Como si la UNAM no existiera, como si su comunidad estuviera pintada, un diputado de Morena presentó una iniciativa de reforma a la Ley Orgánica para que el rector y los directores de facultades, escuelas e institutos fueran electos por profesores, estudiantes y trabajadores. La triste experiencia de los años setenta en distintas universidades, al parecer, fue olvidada. No obstante, la contundente respuesta del rector Enrique Graue frenó, por lo pronto, el ensayo de “madruguete”. Expresó su “rechazo absoluto a ese intento de intromisión en la vida universitaria”, dijo que “esta iniciativa se suma a otras…en lo que parece constituir una escalada contra la autonomía”, e interpretó esa propuesta “como un intento de desestabilizar la vida universitaria”. Una tentativa por exacerbar la delicada situación por la que atraviesa la UNAM.
Autonomía y gobierno universitario son temas que tienen una larga historia. Aquí solo un esbozo como ayuda de memoria, porque la memoria debería ser un dique contra ocurrencias de todo tipo.
1929. Como se sabe, en aquel año, como respuesta a un movimiento estudiantil que no demandaba la autonomía, se otorgó la misma a la Universidad Nacional. Lo cierto, sin embargo, más allá de las celebraciones inerciales, es que en la propia ley existían reservas para que la institución se gobernara a sí misma. El Presidente de la República seguía teniendo injerencia en la Universidad: proponía una terna al Consejo Universitario para elegir al rector; podía designar, “con cargo a su presupuesto”, profesores extraordinarios y conferenciantes; tenía la posibilidad de vetar diversas resoluciones del Consejo Universitario y la Secretaría de Educación Pública designaba un delegado ante el Consejo Universitario “con voz informativa únicamente”. Es decir, el gobierno temía dejar en entera libertad a la Universidad.

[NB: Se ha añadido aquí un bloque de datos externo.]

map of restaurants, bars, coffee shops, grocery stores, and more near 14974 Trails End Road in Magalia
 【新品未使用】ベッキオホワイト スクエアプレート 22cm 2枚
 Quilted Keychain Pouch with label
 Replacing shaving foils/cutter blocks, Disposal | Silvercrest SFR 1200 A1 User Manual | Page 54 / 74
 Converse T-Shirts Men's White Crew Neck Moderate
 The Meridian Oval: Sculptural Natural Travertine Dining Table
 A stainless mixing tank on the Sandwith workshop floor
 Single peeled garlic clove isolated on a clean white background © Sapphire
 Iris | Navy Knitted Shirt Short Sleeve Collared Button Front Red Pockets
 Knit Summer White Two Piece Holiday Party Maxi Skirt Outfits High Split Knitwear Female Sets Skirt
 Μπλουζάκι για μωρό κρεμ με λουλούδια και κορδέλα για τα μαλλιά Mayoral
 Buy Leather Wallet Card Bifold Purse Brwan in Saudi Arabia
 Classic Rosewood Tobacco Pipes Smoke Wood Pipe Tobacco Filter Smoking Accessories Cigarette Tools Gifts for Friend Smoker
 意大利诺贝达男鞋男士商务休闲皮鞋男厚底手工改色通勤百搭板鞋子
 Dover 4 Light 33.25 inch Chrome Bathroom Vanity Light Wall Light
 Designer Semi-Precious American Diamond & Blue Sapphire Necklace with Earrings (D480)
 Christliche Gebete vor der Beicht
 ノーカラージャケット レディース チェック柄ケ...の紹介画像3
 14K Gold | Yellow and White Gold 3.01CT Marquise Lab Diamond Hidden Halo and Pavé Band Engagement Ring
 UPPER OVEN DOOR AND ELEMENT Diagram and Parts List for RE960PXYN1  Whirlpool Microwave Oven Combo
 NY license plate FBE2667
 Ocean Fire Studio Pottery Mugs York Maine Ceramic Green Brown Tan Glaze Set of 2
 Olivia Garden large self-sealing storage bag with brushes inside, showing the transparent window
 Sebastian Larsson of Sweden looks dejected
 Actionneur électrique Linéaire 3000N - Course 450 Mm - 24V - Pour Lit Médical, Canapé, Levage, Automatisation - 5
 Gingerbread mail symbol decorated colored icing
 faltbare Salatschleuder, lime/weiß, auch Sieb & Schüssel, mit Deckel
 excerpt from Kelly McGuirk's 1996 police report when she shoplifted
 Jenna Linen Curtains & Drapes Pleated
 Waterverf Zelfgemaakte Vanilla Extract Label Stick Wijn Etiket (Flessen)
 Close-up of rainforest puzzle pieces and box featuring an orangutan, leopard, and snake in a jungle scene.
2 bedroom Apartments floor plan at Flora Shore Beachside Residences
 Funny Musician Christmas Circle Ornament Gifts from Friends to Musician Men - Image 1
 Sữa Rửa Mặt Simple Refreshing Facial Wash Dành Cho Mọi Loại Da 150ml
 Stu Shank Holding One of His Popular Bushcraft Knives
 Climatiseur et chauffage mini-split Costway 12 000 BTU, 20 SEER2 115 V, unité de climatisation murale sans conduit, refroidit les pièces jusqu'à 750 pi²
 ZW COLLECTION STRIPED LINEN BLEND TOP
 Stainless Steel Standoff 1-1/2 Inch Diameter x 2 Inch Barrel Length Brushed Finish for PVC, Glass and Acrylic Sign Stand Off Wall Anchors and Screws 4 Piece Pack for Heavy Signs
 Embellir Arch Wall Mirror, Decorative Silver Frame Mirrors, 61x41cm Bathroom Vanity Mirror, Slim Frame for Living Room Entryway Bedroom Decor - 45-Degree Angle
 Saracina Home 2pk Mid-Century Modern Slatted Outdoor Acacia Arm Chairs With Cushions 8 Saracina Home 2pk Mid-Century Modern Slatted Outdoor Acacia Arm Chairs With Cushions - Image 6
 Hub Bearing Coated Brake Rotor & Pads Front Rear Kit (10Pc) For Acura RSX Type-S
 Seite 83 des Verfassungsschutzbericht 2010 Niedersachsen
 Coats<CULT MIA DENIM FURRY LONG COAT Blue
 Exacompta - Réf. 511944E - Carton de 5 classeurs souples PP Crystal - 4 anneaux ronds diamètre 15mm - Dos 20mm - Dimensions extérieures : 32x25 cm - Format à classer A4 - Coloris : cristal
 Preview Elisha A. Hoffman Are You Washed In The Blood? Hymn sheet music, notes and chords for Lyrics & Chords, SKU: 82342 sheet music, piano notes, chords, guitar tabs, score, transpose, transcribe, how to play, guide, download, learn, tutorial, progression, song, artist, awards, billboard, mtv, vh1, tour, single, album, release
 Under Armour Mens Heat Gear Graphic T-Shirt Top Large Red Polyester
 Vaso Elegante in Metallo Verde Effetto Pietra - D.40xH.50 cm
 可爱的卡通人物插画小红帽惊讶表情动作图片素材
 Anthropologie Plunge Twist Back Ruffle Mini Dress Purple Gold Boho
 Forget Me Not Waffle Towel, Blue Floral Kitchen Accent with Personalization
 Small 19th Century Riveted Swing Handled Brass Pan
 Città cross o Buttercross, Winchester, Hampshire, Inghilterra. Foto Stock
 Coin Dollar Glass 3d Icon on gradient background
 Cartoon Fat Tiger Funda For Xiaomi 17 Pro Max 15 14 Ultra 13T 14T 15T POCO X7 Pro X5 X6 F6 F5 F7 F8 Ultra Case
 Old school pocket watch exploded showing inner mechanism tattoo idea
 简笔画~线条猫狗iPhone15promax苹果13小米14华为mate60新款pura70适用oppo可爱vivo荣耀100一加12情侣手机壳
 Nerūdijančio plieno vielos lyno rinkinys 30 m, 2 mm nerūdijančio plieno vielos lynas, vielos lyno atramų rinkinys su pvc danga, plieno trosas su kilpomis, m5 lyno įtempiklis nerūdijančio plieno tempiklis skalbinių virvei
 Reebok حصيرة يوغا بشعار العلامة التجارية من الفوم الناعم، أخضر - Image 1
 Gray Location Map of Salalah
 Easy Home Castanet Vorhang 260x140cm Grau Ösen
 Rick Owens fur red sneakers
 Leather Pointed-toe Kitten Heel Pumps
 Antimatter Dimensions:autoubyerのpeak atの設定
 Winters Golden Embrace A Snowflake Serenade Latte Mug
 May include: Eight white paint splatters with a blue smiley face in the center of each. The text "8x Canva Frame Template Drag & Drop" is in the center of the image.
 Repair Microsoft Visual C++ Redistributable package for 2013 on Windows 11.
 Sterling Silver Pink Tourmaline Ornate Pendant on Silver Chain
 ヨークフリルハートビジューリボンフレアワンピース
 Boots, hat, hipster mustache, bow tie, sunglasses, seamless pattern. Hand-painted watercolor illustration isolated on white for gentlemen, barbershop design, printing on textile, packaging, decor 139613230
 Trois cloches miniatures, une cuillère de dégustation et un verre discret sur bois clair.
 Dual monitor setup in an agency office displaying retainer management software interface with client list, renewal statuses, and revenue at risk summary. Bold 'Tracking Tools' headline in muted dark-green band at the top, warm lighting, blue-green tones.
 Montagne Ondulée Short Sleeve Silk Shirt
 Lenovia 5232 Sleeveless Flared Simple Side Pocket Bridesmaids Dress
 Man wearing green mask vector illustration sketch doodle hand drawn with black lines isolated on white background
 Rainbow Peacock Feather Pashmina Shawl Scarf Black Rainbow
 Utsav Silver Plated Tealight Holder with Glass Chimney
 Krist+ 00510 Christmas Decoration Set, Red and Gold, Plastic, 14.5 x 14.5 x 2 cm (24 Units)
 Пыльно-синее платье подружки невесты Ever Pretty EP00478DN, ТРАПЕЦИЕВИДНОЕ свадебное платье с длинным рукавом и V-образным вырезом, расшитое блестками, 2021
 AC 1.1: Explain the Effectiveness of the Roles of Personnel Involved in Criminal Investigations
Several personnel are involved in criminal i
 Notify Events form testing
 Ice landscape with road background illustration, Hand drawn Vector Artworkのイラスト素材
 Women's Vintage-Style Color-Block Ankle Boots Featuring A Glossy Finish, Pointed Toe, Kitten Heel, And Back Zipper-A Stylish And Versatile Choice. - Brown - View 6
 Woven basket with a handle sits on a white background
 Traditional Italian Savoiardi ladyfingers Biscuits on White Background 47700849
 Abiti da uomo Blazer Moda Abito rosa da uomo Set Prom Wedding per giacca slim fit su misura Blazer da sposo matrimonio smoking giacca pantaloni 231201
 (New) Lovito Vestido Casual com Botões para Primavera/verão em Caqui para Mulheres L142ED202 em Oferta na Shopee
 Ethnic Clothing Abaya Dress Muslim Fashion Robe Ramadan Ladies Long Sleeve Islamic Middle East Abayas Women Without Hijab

Y la autonomía se entendía como sinónimo de privatización. Así lo decían dos de los considerandos de la ley: “que, no obstante, las relaciones que con el Estado ha de conservar la Universidad, ésta en su carácter de autónoma tendrá que ir convirtiéndose a medida que el tiempo pase, en una institución privada…”, aunque, “por lo pronto… tendrá que recibir un subsidio del gobierno federal…”.
1933. Una nueva reforma se inclinó de manera radical por convertir a la Universidad en una institución privada, como sinónimo de autónoma. Cesaba ciertamente la injerencia del gobierno en los asuntos de esa casa de estudios y era el Consejo Universitario el encargado de nombrar al rector, pero se estableció que “cubiertos los diez millones de pesos (que el gobierno le entregaría a la UAM) … la Universidad no recibirá más ayuda económica del gobierno federal”. Incluso a la Universidad se le borró de su denominación el adjetivo “Nacional”. Por supuesto, dio paso a una época de enormes penurias para la Universidad y de tensiones e inestabilidad reflejada en que de 1933 a 1944, en once años, contó con ocho rectores.
1944. La nueva Ley Orgánica, vigente hasta la fecha, conjugó lo que las anteriores no habían logrado: la facultad de la Universidad para gobernarse a sí misma y establecer, sin intrusiones externas, sus planes y programas de estudio, investigación y difusión de la cultura y la obligación estatal de financiarla, dado que se trataba y se trata de una “corporación pública”. No solamente volvió a ser “nacional”, con plena capacidad jurídica, sino que edificó una fórmula de gobierno que inyectó estabilidad. La novedad fue la Junta de Gobierno a la que se quería por encima de los vaivenes de la política. Pero lo más importante, dado el contexto actual: se trató de una ley diseñada en la propia institución. El anteproyecto fue delineado y al parecer redactado por el propio rector, Alfonso Caso, y discutido y aprobado por el Consejo Universitario en una larga sesión permanente celebrada entre el 30 de noviembre y el 18 de diciembre de 1944. Luego, el Congreso solamente hizo ajustes muy menores. (Eugenio Hurtado Márquez. La Universidad Autónoma 1929-1944. UNAM. 1976).